Give back the lines of the entries below exactly as written, from the first line to the line holding "Shutterstock .eps vector #1797142156", both included, with the pictures omitted.

(SUPPLIED DATA begins)

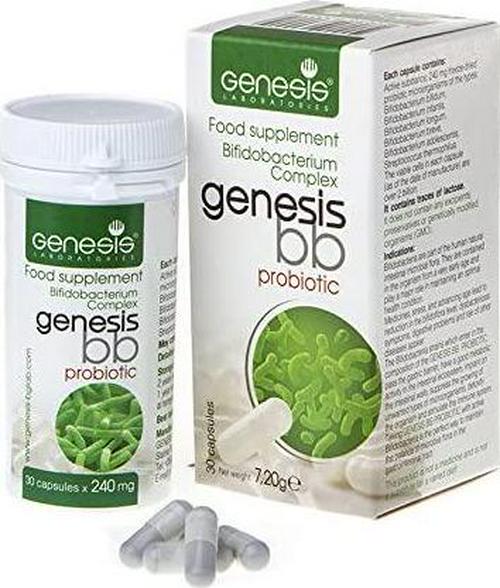 Genesis Bifidobacterium Complex BB Probiotic 30 capsules of 240 mg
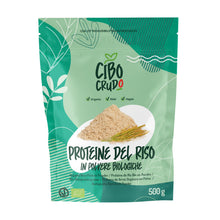 Carica l'immagine nel visualizzatore di Gallery, Cibocrudo Proteine Del Riso In Polvere BIO, Rice Protein 83%, Polvere di Riso Proteine Vegetali, Alta Digeribilità, Elev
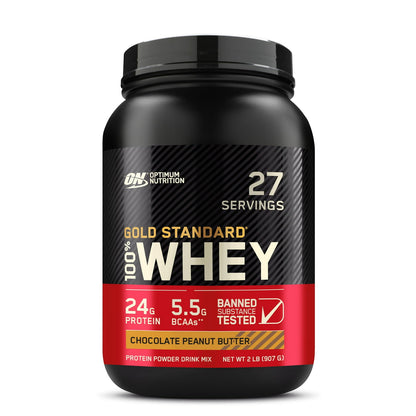 Optimum Nutrition Chocolate Peanut Butter Gold Standard Whey 100% Protein 2 lb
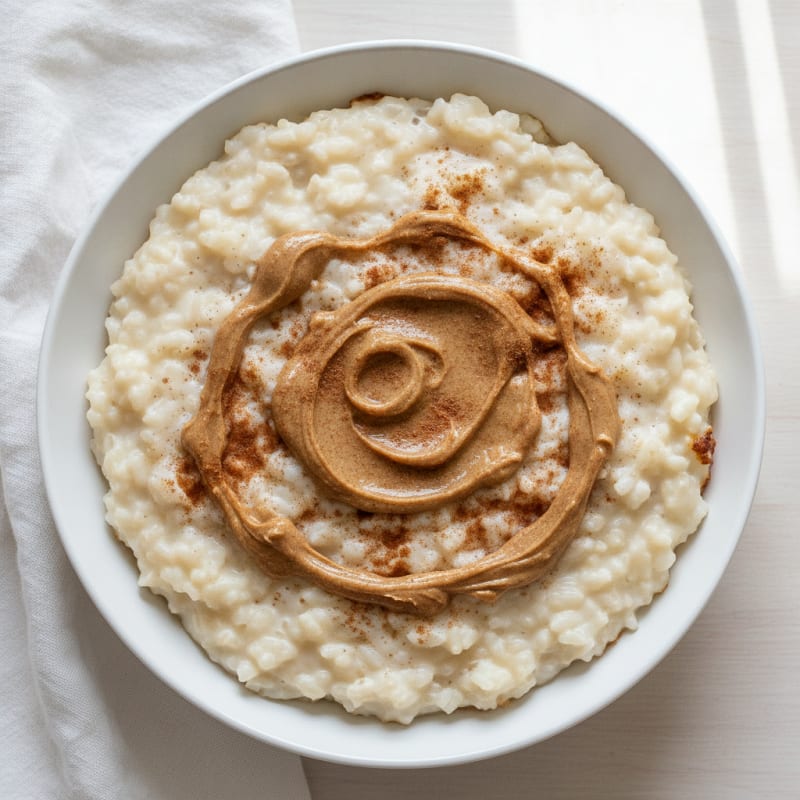 Creamy Vanilla Protein Rice Pudding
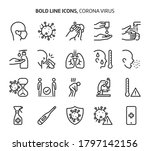 corona virus  bold line icons.... | Shutterstock .eps vector #1797142156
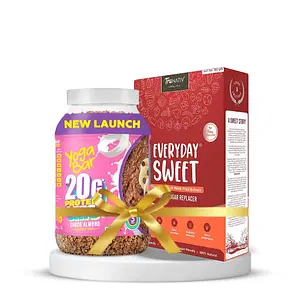 TruNativ Everyday Sweet 150gm & Yogabar 20g High Protein Oats 850g Choco Almond Oatmeal | Pack of 2 Combo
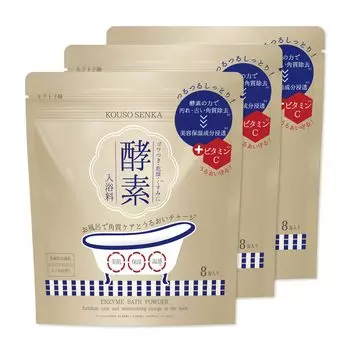 Средство для ферментной ванны Enzyme Senka Enzyme Skin Clear Bath Powder beauty 3 набора [Для предлетнего пилинга] (8 пакетиков/аромат хиноки) [гладкая кожа,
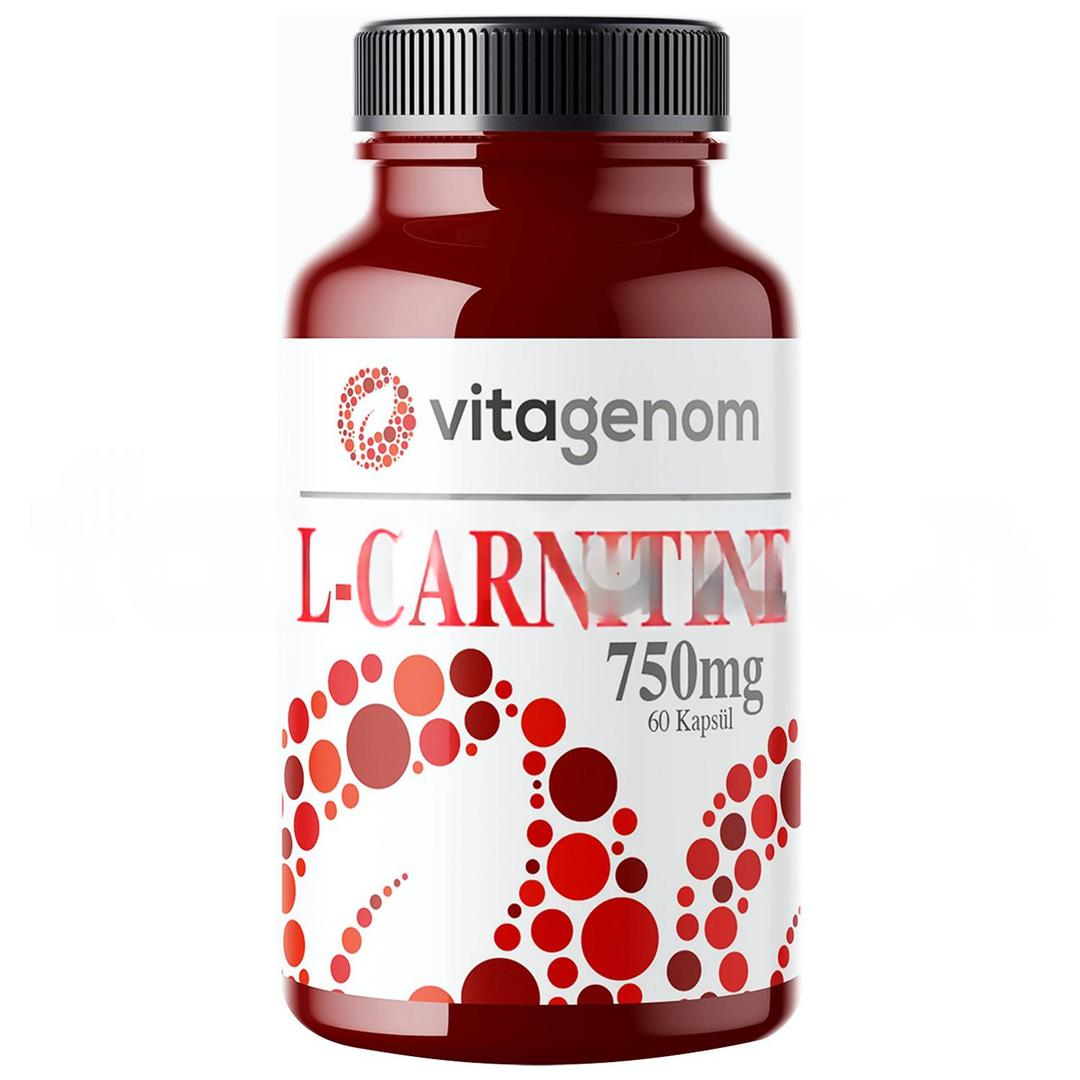 Vitagenom L-Carnitine 750 mg 60 Kapsül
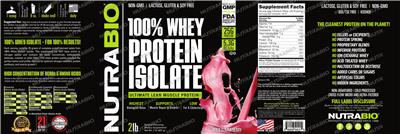 100% Whey Protein Isolate Wild Strawberry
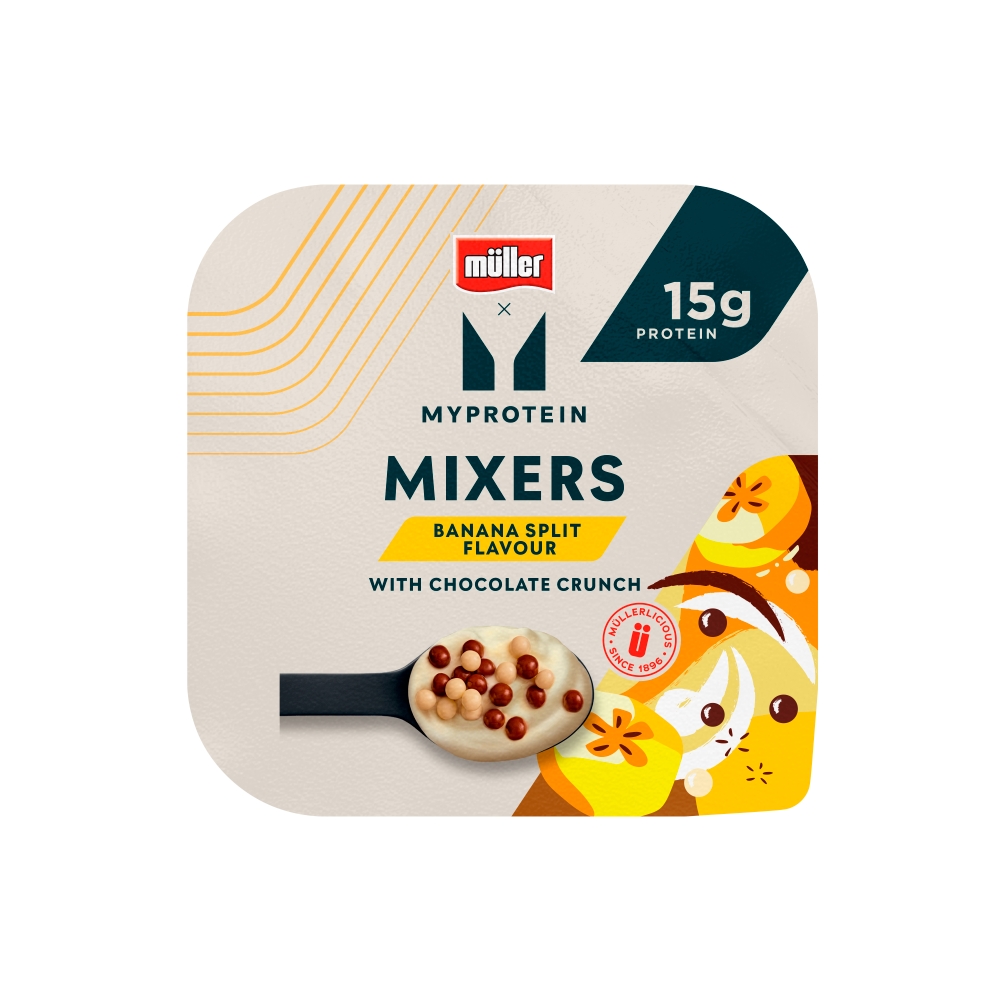 Müller Myprotein Banana Split Flavour Mixers 140g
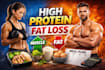 create a high protein fat loss meal plan with macro guidance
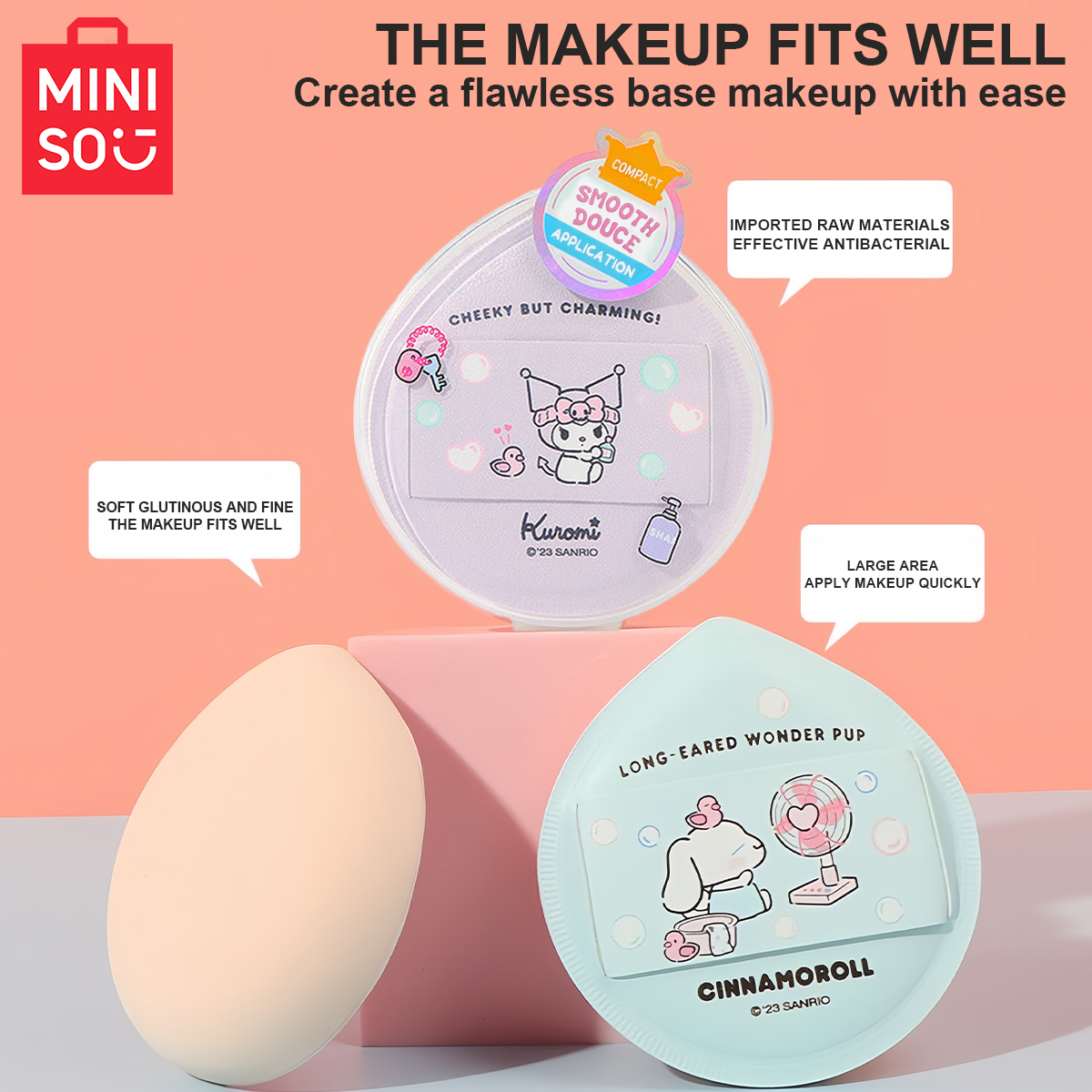 MINISO Sanrio Antibacterial Ex – Cotton Candy Cone recenzja i cena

(SUPPLIED DATA ends)

--- EXERCISE SOLUTION ---
 Genesis Bifidobacterium Complex BB Probiotic 30 capsules of 240 mg
 Carica l'immagine nel visualizzatore di Gallery, Cibocrudo Proteine Del Riso In Polvere BIO, Rice Protein 83%, Polvere di Riso Proteine Vegetali, Alta Digeribilità, Elev
 Optimum Nutrition Chocolate Peanut Butter Gold Standard Whey 100% Protein 2 lb
 Creamy Vanilla Protein Rice Pudding
 corona virus  bold line icons.... | Shutterstock .eps vector #1797142156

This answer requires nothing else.